DATASET RECORDS -

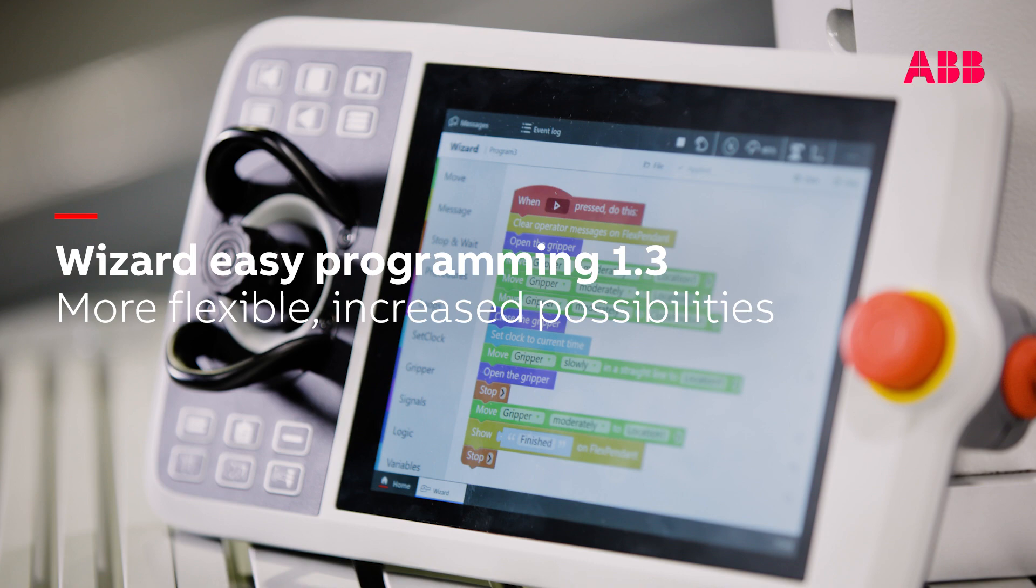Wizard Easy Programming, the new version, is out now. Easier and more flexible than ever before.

...

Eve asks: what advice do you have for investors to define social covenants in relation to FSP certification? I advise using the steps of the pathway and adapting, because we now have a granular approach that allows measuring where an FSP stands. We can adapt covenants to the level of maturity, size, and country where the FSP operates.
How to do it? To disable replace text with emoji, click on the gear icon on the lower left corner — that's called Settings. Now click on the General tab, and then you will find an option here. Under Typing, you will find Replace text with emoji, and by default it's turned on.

HOW TO COMPLETE THIS TASK -
Determine how many lines of the data include the word "that". Reply with the count and no other text.

WRITTEN SOLUTION -
2